_What this task involves_
Beginning with the line where "Wiederverkauf - Villa" appears, set down each line exactly until the records below end, and omit the pictures.
[Material for the task]
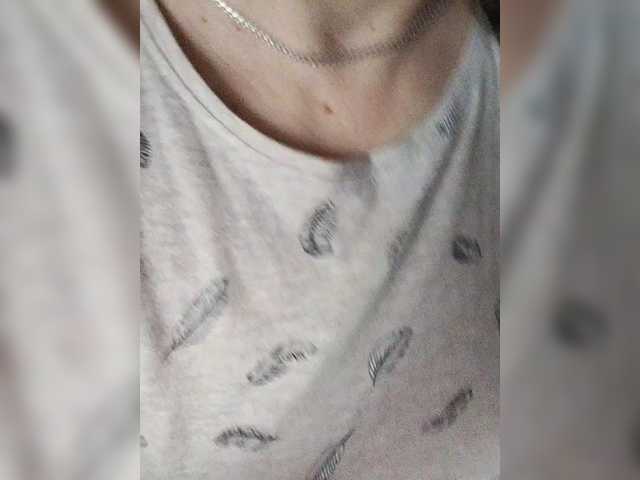 Vikki-vik's BongaCams show and profile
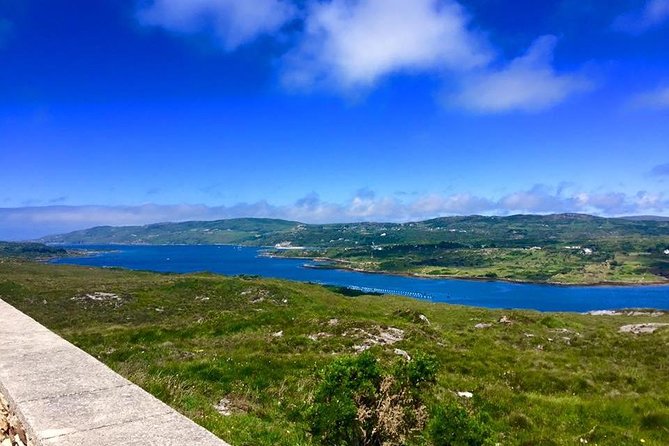 From Galway: Guided tour of Connemara with 3 hour stop at Connemara National Pk. - Clifden, the small center of Connemara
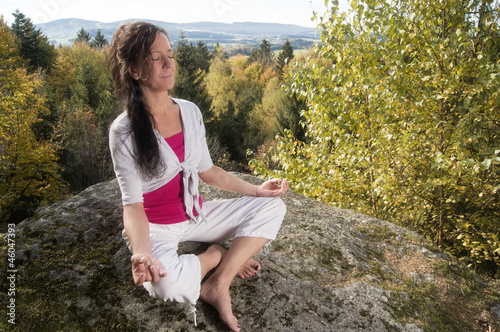 Photo: Frau im Lotossitz auf Felsen Frau im Lotossitz auf Felsen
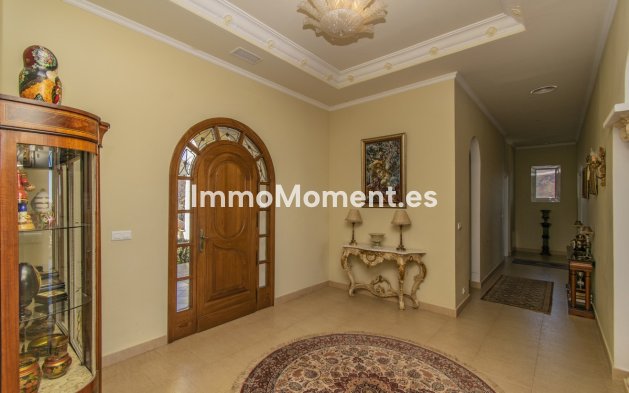 Wiederverkauf - Villa - Estepona  - Estepona Centro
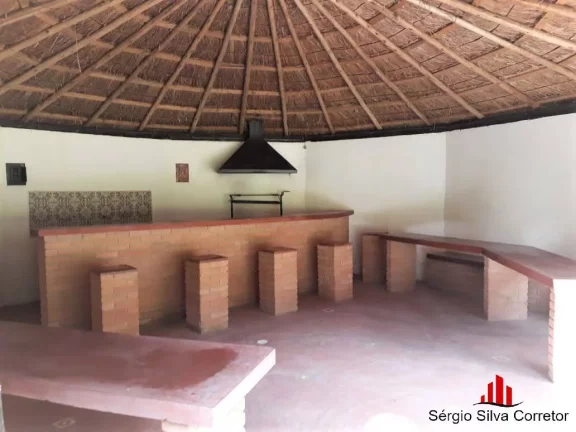 Imagem Casa a venda com 04 quartos, no Condomínio Residencial Véu da Noiva.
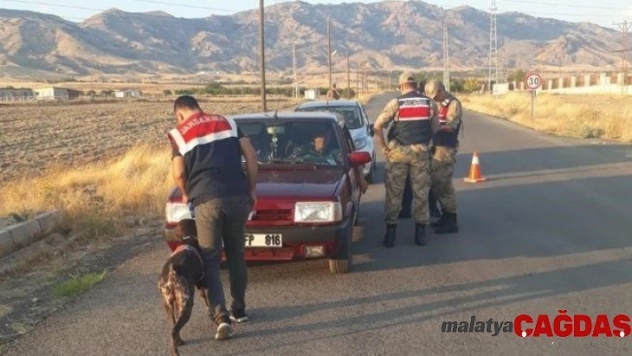 Jandarmadan 'Asayiş ve Huzur' uygulaması, 15 aranan şahıs yakalandı
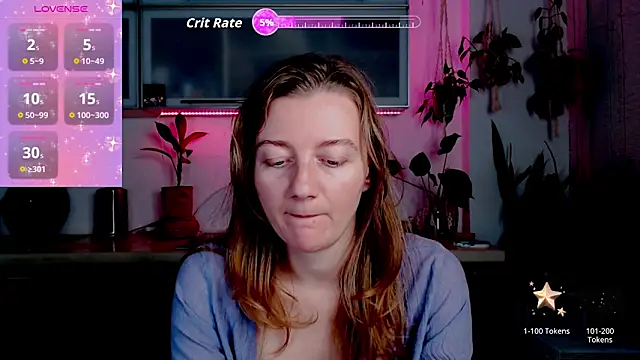 Snapshot of Elly_Helly chatting on November 14, 2025, 8:01 pm Elly Helly online show from November 14, 2025, 8:01 pm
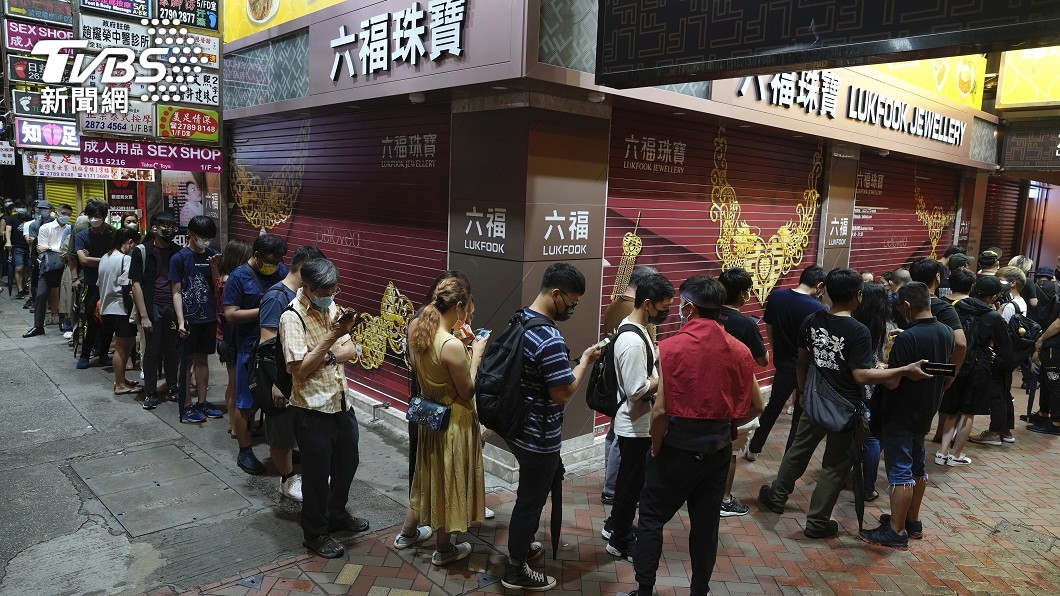 許多讀者漏夜排隊,形成一條長長的人龍。(圖/達志影像美聯社)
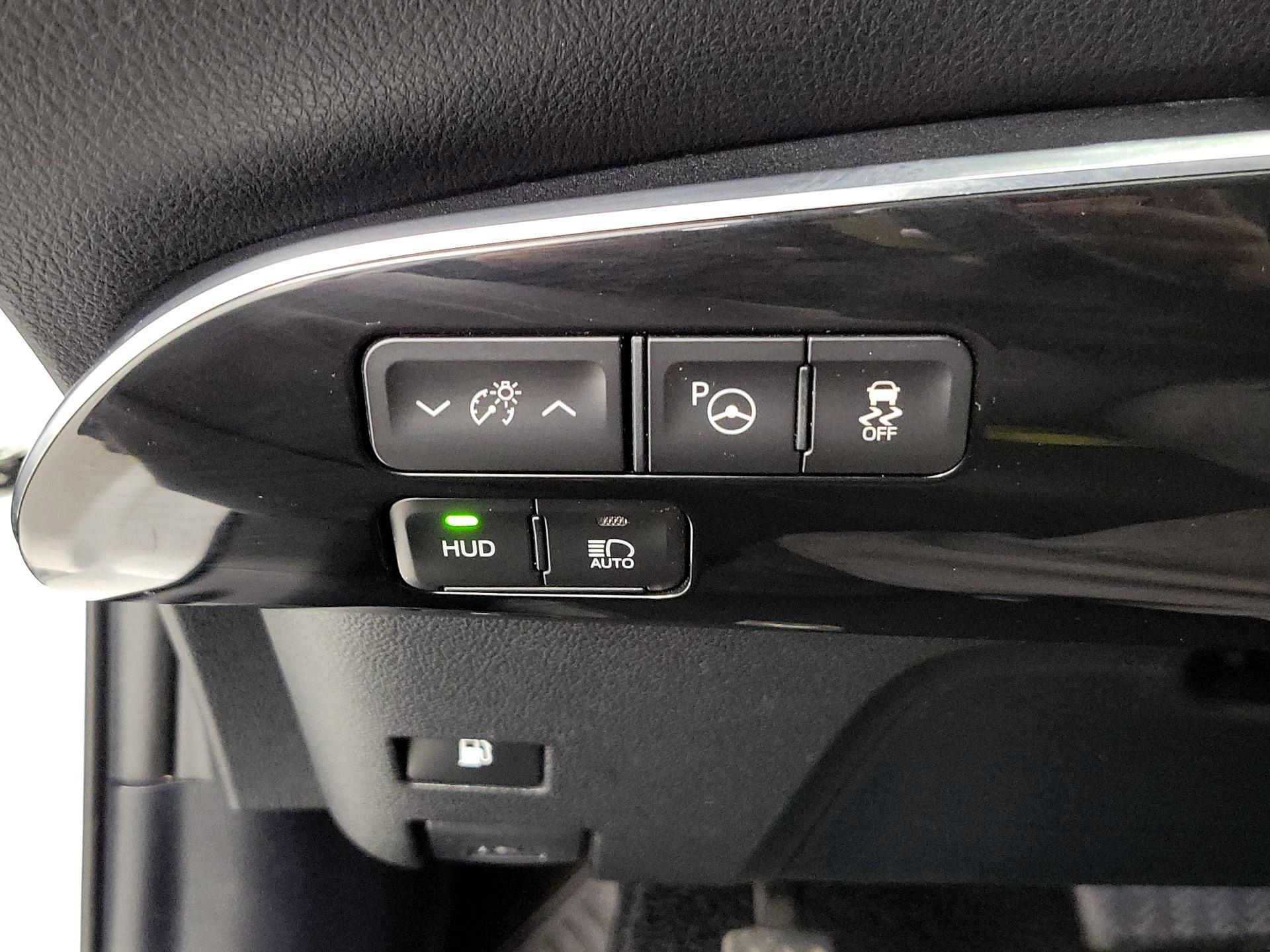 Thumbnail: 2022 Toyota Prius - 13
[/Material for the task]
_Written answer_
 Wiederverkauf - Villa - Estepona  - Estepona Centro
 Imagem Casa a venda com 04 quartos, no Condomínio Residencial Véu da Noiva.
 Jandarmadan 'Asayiş ve Huzur' uygulaması, 15 aranan şahıs yakalandı
 Snapshot of Elly_Helly chatting on November 14, 2025, 8:01 pm Elly Helly online show from November 14, 2025, 8:01 pm
 許多讀者漏夜排隊,形成一條長長的人龍。(圖/達志影像美聯社)
 Thumbnail: 2022 Toyota Prius - 13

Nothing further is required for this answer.